2. Un hombre al centro del escenario, algo dice, su voz truena, es intensa, es fuerte, conmueve; algo pasa, todo sale volando, un terremoto ha arrasado con su alrededor, pero no solamente, también con él, ahora su voz tiembla, su pantalón salió volando… En un sol amarillo pone en escena una poética evidente, señalada de todos modos por Julia Peredo en su tesis de licenciatura, pero que ella no se atreve a nombrar: “La obra está centrada en la injusticia que ejercen los poderosos frente a los desvalidos”, señala, además aclara que la suma de voces recopiladas (una pluralidad) son sintetizadas en una sola voz.
No dice que esa moral quiere convencer al espectador de una posición, busca, a la manera de las obras de Raúl Salmón estudiadas por Karmen Saavedra, su pasividad. “Sí, qué terribles son los políticos”, dirá el espectador luego de ver la corrupción en la obra, le tirará papeles, jamás pensará en ser político (en el sentido amplio de la palabra). Peredo habla de Brecht y de cómo Los Andes generarían una distancia crítica; sin embargo, los mismos elementos que ella ennumera (división dicotómica entre agredidos y agresores, la caricaturización de los segundos que logra identificación con los primeros, el humor en tanto sátira…) va en sentido contrario. Brecht también tenía una moral, diría ella, y tiene razón: ambos están muertos, matizando que la moral de Brecht, diría Benjamín, no era impositiva.
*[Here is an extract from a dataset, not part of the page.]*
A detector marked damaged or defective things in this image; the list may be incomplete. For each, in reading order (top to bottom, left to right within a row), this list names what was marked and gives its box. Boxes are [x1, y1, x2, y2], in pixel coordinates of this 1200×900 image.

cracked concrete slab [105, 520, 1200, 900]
3. En dicho festejo vi mis primeras obras del famoso elenco nacional. Sí, no vi La Ilíada, La Odisea, Frágil, Otra vez Marcelo y otras obras que, dicen los sabios, marcan su mejor época, aquella liderada por César Brie. Pero confío en que esa moral, esa forma de hacer no haya variado sustancialmente (lo que no implica que los resultados sean técnicamente iguales) y es por eso que son lo que son: el ideal del teatro boliviano para muchos hacedores (casi todos los elencos hoy utilizan ejercicios provenientes de la Antropología teatral de Eugenio Barba, que obviamente llega al país con Brie) y críticos. Por lo tanto, son (un nuevo) Padre con las luces y sombras que tiene este término.
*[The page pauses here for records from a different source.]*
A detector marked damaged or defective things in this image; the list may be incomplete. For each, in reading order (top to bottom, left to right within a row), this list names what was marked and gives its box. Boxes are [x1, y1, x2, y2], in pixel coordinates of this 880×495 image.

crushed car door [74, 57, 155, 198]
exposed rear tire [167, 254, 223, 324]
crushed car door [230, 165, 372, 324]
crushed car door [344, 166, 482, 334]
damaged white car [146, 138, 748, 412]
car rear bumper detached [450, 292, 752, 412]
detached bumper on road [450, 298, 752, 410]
4. Así se vuelve interesante que hayan montado Hamlet, un hijo colocado en un dilema ético: el de constituirse como sujeto o el de replicar una subjetividad anterior (la de su padre que, también, se llama Hamlet; juego de dobles con el que Shakespeare estaba muy familiarizado). Los Andes resuelve fácilmente ese dilema, al final de la obra, los personajes se estancan en una puerta, afirman que están cansados de la venganza, faltaba un beso y abrazos, se retiran tras tanta confusión. Así, aunque no lo noten, siguen el camino del Padre, marcando una ley (matar o amar, da igual), ley que dicta y no deja al hijo progresar, pensar, ser un “sujeto que dirige su deseo”, diría Barthes. Así se aclara la poética marcada en la otra obra mencionada: primero hay que conmover, convencer, luego predicar; movimiento de la retórica clásica. Maticemos: un corpus clásico puede convertirse en un espacio “donde se pueda desear”.
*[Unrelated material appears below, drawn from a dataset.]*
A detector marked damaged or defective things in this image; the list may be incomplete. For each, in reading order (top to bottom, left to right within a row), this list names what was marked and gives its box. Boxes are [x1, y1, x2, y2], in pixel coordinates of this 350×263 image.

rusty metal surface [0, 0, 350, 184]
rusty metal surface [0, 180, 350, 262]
5. Demos un salto mortal. El 2018, cuando gané el premio de crítica que quizás me impulsó a seguir escribiendo aquí, tenía entradas gratis a todo lo que se presente en el Teatro Municipal y, por supuesto, iba a todo. Llegó Luis Lugo, pianista cubano de —según dicen— alta fama internacional. El espectáculo no llegó a la cantidad de gente requerida y fue cancelado, sin embargo, el pianista decidió (ya que seguramente iba a pagar una multa, según normativa de teatros municipales) usar esa noche para grabar algunas de sus canciones. Yo tenía privilegios y, sin que me vea o me note, me senté en un palco a escucharlo.
El teatro vacío o, quizás, lleno de fantasmas. Él, solo con su piano, en el escenario, sin ropa formal, desarreglado. Tocó y aunque no recuerdo qué tocó, jamás olvidaré su intensidad: era un mar que se movía, sin demasiado esfuerzo, pero con el dolor de cada una de sus olas; era un llanto contenido en cada tecla, en el rechinar del viejo piano y a la vez era una fiesta… Los Andes logran (en el mejor de los casos) eso, la muerte tiene su potencialidad: la de recordarnos su peligro, la de hacernos creerla viva. Y si no la lloramos estaremos condenados a repetir el camino del Padre, cuando la lloramos borramos su peso, somos hijos ante el dilema, ante el caos. Y del caos es de donde empiezan las creaciones…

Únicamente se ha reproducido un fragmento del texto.